Lawyer May Have Aided Taves in Violation of Order, Report Shows
A Santa Monica lawyer who represented accused swindler Kenneth H. Taves early in his case may have assisted Taves in the operation of his Cayman Islands accounts in violation of a court order, according to a report in U.S. District Court in Los Angeles.
Documents turned over by a Cayman Islands bank show that Lee Sacks, an attorney with Sacks & Zweig, authorized the transfer of funds to his firm after a federal judge ordered Taves’ assets frozen, according to a report filed by the receiver appointed in the case.
Sacks also received a document trumpeting the lack of exchange controls or currency reporting in the South Pacific republic of Vanuatu, where Euro Bank was later instructed to send $7.4 million of Taves’ money, the report states.
A document on Sacks & Zweig letterhead found in the bank files instructs Euro Bank to wire $25,000 to its account and $50,000 to another firm--Fried, Frank, Harris, Shriver & Jacobson, which also worked for Taves. The direction was made on behalf of “Jiminy,” which the receiver believes to be a reference to Jiminy Cricket, an apparent code name for Taves.
Those transfers were made Jan. 20 and Jan. 26.
All told, Sacks & Zweig and Fried, Frank, Harris, Shriver & Jacobson received payments of more than $210,000 from the then-secret accounts after the court-ordered Jan. 6 asset freeze, according to the report filed by receiver Robb Evans.
Sacks didn’t return phone calls seeking comment.
Days after Euro Bank paid the law firms out of the undisclosed accounts, Taves’ lawyers were in court lamenting the effects of the asset freeze order and asking to be paid their legal fees.
At a Feb. 11 court appearance, Harvey Saferstein of Fried, Frank told the judge that Taves and another defendant “have repatriated all the foreign funds that they have or can get ahold of and that they are not hiding anything.”
The receiver ultimately released $100,000 from Taves’ frozen accounts to cover Fried, Frank’s fees.
Sacks, in a sworn declaration supporting his request to be released as Taves’ attorney April 14, wrote that his clients had “failed to pay agreed-upon attorneys’ fees” and that he was owed more than $100,000.

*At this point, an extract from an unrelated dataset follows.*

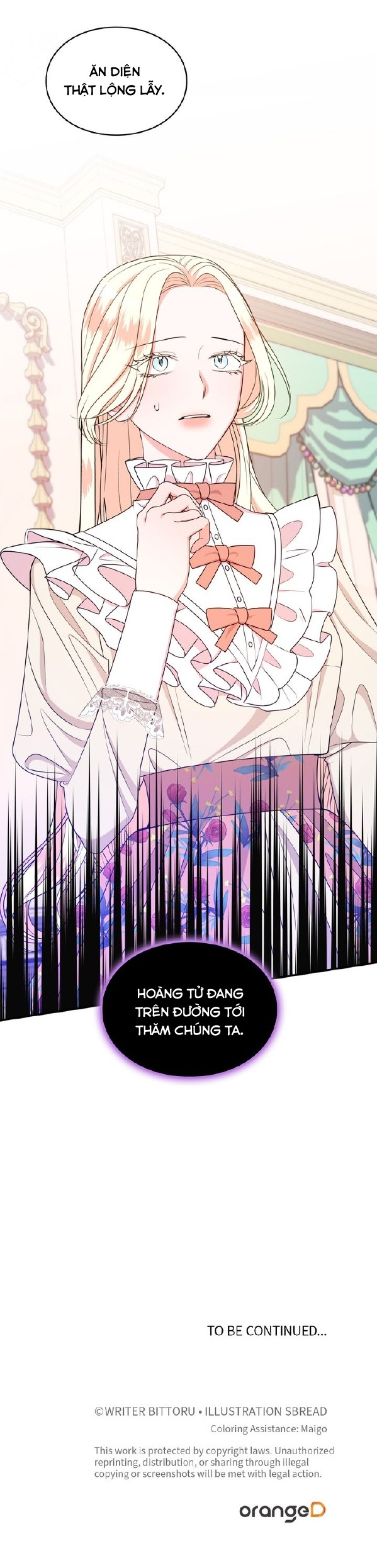 câu chuyện về nữ công tước chapter 77 27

In an interview, Saferstein said, “We did not make any misrepresentations to the court. That did not occur.” He declined to comment further.
On the day the receiver’s report was filed, Fried, Frank announced it would turn over more than $208,900 of Taves’ money held in a previously undisclosed client trust account, Evans’ office said.
Both law firms withdrew from the case in May. Taves is now represented by Santa Barbara attorney Robert Ornstein and federal public defender Guy Iverson.